The Consumer Financial Protection Bureau issued a Request for Comment on a proposed policy regarding No-Action Letters. Under the proposed policy, the Bureau could

issue no-action letters (NALs) to specific applicants in instances involving innovative financial products or services that promise substantial consumer benefit where there is substantial uncertainty whether or how specific provisions of statutes or regulations implemented by the Bureau would be applied (for example if, because of intervening technological developments, the application of statutes and regulations to a new project is novel and complicated).
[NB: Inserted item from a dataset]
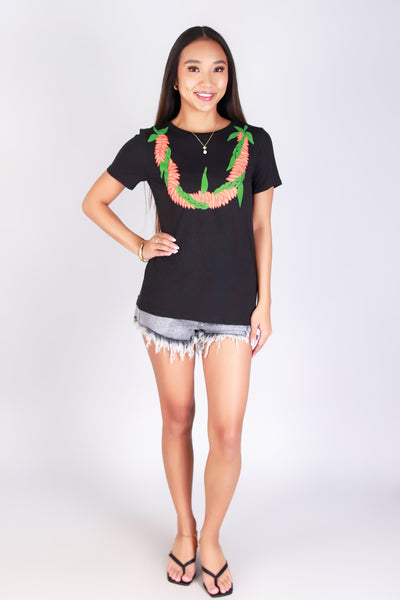 CIGAR MAILE TEE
The Policy is also designed to enhance compliance with applicable federal consumer financial laws. (79 F.R. 62119)

The notice goes on,

The Bureau recognizes that, in certain circumstances, some may perceive that the current regulatory framework may hinder the development of innovative financial products that promise substantial consumer benefit because, for example, existing laws and rules did not contemplate such products. In such circumstances, it may be substantially uncertain whether or how specific provisions of certain statutes and regulations should be applied to such a product—and thus whether the federal agency tasked with administering those portions of a statute or regulation may bring an enforcement or supervisory action against the developer of the product for failure to comply with those laws. Such regulatory uncertainty may discourage innovators from entering a market, or make it difficult for them to develop suitable products or attract sufficient investment or other support.

Federal agencies can reduce such regulatory uncertainty in a variety of ways. For example, an agency may clarify the application of its statutes and regulations to the type of product in question—by rulemaking or by the issuance of less formal guidance. Alternatively, an agency may provide some form of notification that it does not intend to recommend initiation of an enforcement or supervisory action against an entity based on the application of specific identified provisions of statutes or regulations to its offering of a particular product. This proposal is concerned with the latter means of reducing regulatory uncertainty in limited circumstances. (79 F.R. 62119)

This notice certainly identifies a problem inherent in the complex regulatory state we live in — heavy regulation can impede innovation. It is a good thing to try to address that problem, but it is far from certain how effective a No Action regime will be in that regard. It is hard to imagine that it could do any harm though, so it is certainly a reasonable step to take.

Your thoughts? Comments are due December 15th, so get crackin’!

November 14, 2014 | Permalink | No Comments

November 13, 2014

Reiss on Privatization of Fannie and Freddie

By David Reiss

BadCredit.org profiled an article of mine in Brooklaw Professor Pushes for Privatization of Fannie Mae/Freddie Mac. The profile opens,

Since the end of the Great Recession, policymakers, academics and economists have been struggling with a very difficult question — what should we do with Fannie Mae and Freddie Mac? Should the government continue its role in providing mortgage credit to millions of American?

Fordham University Associate Professor of Law and Ethics Brent J. Horton made a proposal in his forthcoming paper “For the Protection of Investors and the Public: Why Fannie Mae’s Mortgage-Backed Securities Should Be Subject to the Disclosure Requirements of the Securities Act of 1933“:

“The best way to reduce risk taking at Fannie Mae is to subject its MBS offerings to the disclosure requirements of the Securities Act of 1933,” Horton writes.

However, Brooklyn Law School Professor of Law David Reiss believes “the problems inherent in Fannie Mae’s structure are greater than those that increased disclosure can address.”

In his response, titled “Who Should Be Providing Mortgage Credit to American Households?” Reiss points to increased privatization as one way to address the question of what to do with Fannie Mae and Freddi Mac.